Bedenle ilgili sünnetler, on ikiden ibarettir. Bu on iki sünnet, Allah Rasûlü'nden (s.a.s) rivayet edilen üç hadise dayanmaktadır. Bu hadislerden ilki, Allah Rasûlü'nün (s.a.s) vahiy için Cebrail'i (as) beklediğini bildiren hadis-i şeriftir.(1)
Bedenle ilgili sünnetlerin beşi baş kısmıyla ilgilidir. Bu beş sünnet şunlardır: Ağza su vermek (=mazmaza), burna su vermek (=istinşâk), dişleri misvaklamak, bıyıkları kısaltmak ve saçları ayırmak.
Bedenin alt kısmıyla ilgili olan yedi sünnet ise şunlardır: Sünnet olmak, avret mahallini tıraş etmek, istincâda bulunmak, koltuk altı kıllarını tıraş etmek, tırnakları kesmek, parmak mafsallarını temizlemek ve tırnak altlarını temizlemek.
Hadiste zikredilen parmak mafsallarını (=berâcinı) temizleme sünnetinin izahı şöyledir: Araplar yemekten sonra çoğunlukla el parmaklarının mafsallarının temizliğine itina göstermezlerdi. Mafsal kıvrımlarında ise yemeğin artıkları birikirdi. Allah Resulü (sav) işte bu nedenle parmak mafsallarındaki kıvrımların itina ile temizlenmesini emretmiştir.
Ebu Hüreyre ve Suffe ashabından başka zatların (r.a) şöyle dedikleri rivayet edilmiştir: Biz kızarmış et yerdik. Namaza durulacağı zaman parmaklarımızı çakıl taşının içine sokar, ardında da kuma sokarak iyice temizlerdik. Sonra da tekbir getirerek namaza dururduk.
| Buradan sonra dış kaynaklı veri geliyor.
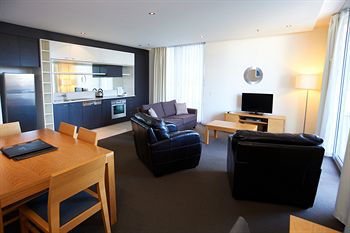Amity South Yarra Apartments - Redcliffe Tourism 5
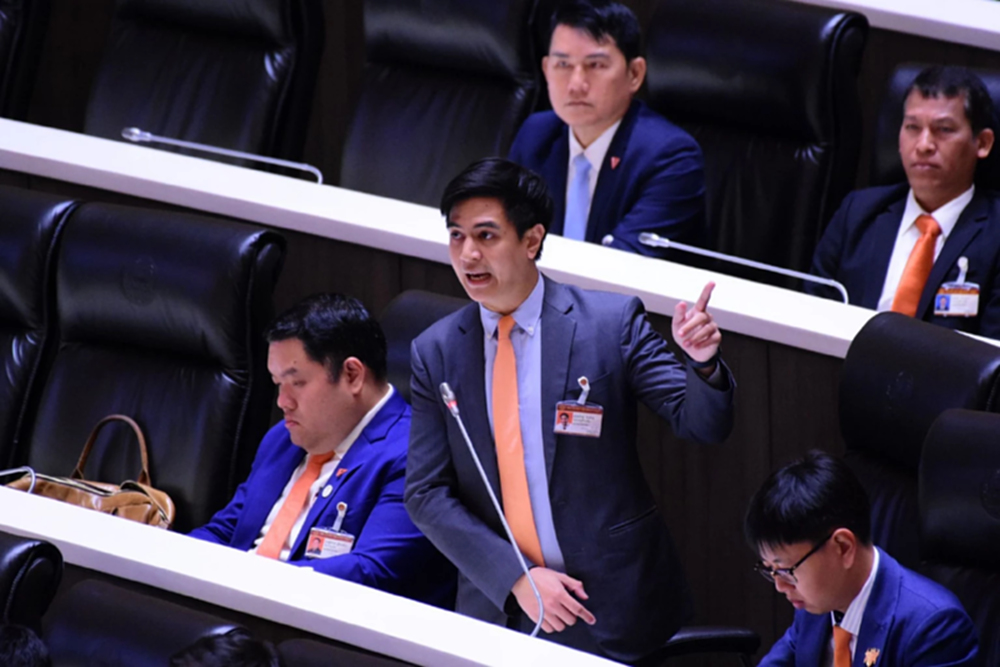 'พริษฐ์' ชี้ รธน.60 พาไทยเจอ 3 วิกฤติ ขอสภารับหลักการ ดัน รธน.ใหม่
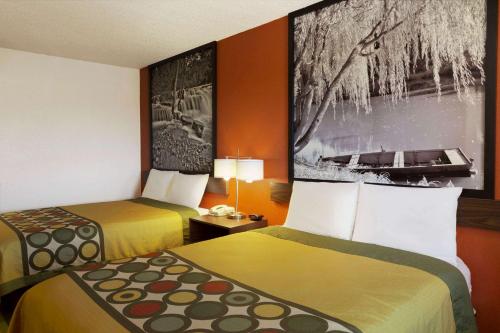 Super 8 By Wyndham Woodward - photo 4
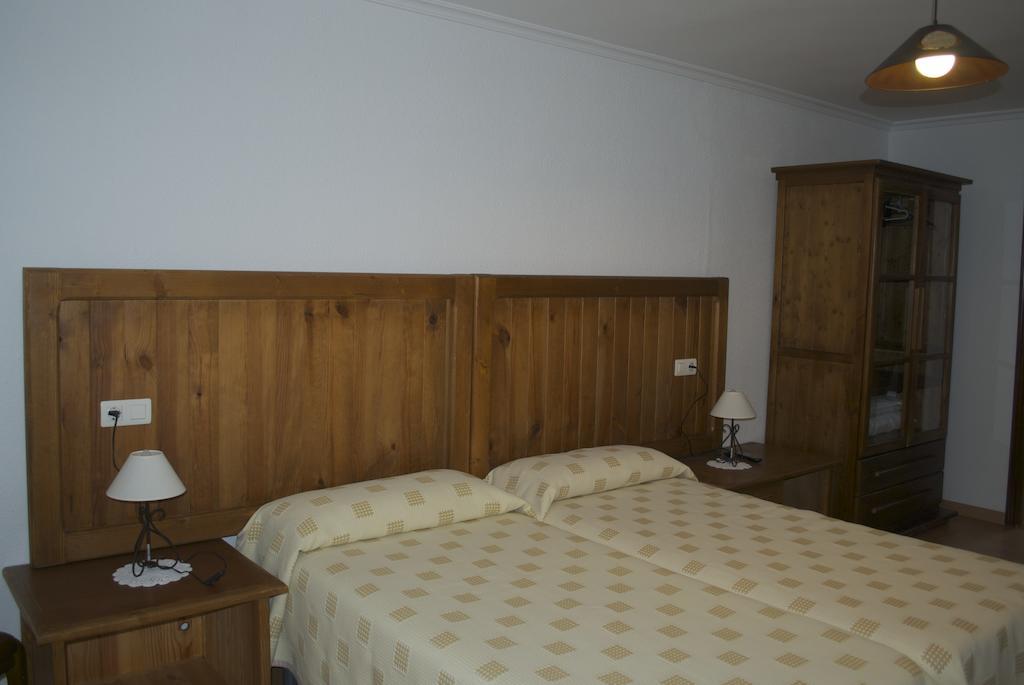 Готель Hostal Monte Rio Trescares Номер фото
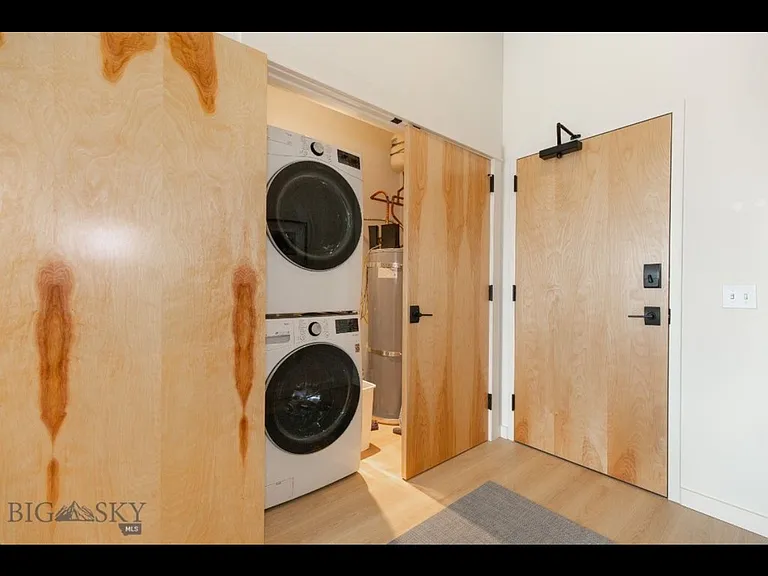 515 W Aspen St #305 — Photo 4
Ömer b. Hattab (r.a) şöyle demiştir: Allah Resulü (s.a.s) devrinde çöveni bilmezdik. Bizim mendillerimiz, ayaklarımızın iç kısımlarıydı. Yağlı et yediğimizde oraya sürterdik. Denildi ki: Allah Rasûlü'nden (s.a.s) sonra ortaya çıkan ilk bidatler şunlardır: Elekler, çö-ven, sofralar ve tıka basa yemek yemek. Bütün bunlar, mideyle ilgilidir. Mide, boşluğun en kötü kabıdır.
Tırnak altlarının (=revâcib) temizliğine gelince, Araplar tırnaklarını kesmek için istedikleri zaman makas bulamazlardı. Allah Resulü (sav) tırnakları kesmek, koltuk altı ve avret mahallinin temizliği için kırk günlük bir süre koymuştu. Ama O, bu süre zarfında uzayabilen tırnakların altının temizlenmesini de emretmişti.
Rivayete göre Allah Rasûlü (s.a.s) vahyi bekliyordu. Cebrail (a.s) inince O'na şöyle dedi: Siz, parmak kıvrımlarını yıkamıyor, tırnak altlarını temizlemiyor ve dişlerinizi mis vaki amıyorken size nasıl vahiy indirebiliriz? Ümmetine bunları yapmalarını emret.
Denir ki: Tırnak altındaki kirler için 'üf' kelimesi kullanılmıştır. Bu meyanda 'üf-tüf kalıbı kullanılmıştır. 'Üf tırnak altındaki kirleri, 'tüf ise kulak içindeki kirleri ifade etmektedir. 'Tüf kelimesiyle ilgili olarak, kirden rahatsız olma noktasında mübalağa için kullanılan bir ilave kelime olduğu da söylenmiştir. Buna örnek olarak da Arapça'daki şu kullanımlar gösterilmiştir: 'câ'iun nâ'iun, atşânü netşânü'. İlk kelime olan 'câ'iun' aç anlamına gelirken ona katılan 'nâ'iun' açlığın ileri seviyede olduğunu göstermektedir. Diğerinde ise susuzluğun had safhada olduğu ifade edilmektedir. Bu meyanda "O ikisine 'üf deme" (İsra/23) ayet-i kerimesi de örnek gösterilmiş ve ayete şu mana yüklenmiştir: Yani anababayı, tırnaklarının. altındaki kirlerden dolayı kınama. Ayetin bir diğer manası da şöyle verilmiştir: O ikisini, tırnağın altındaki kir miktarınca olsun rahatsız etme.
(1) Müslim, Taharet/56; Ebu Davûd, Taharet/29; Tirmizî, edeb/14; Nesa'î, Ziynet/l; îbni Mâ-ce, Taharet/8; îbni Hanbel, IV/264, VI/138.
(2) Ebû Tâlib el-Mekkî, Kûtu’l-Kulûb (Kalplerin Azığı), III, 456-457.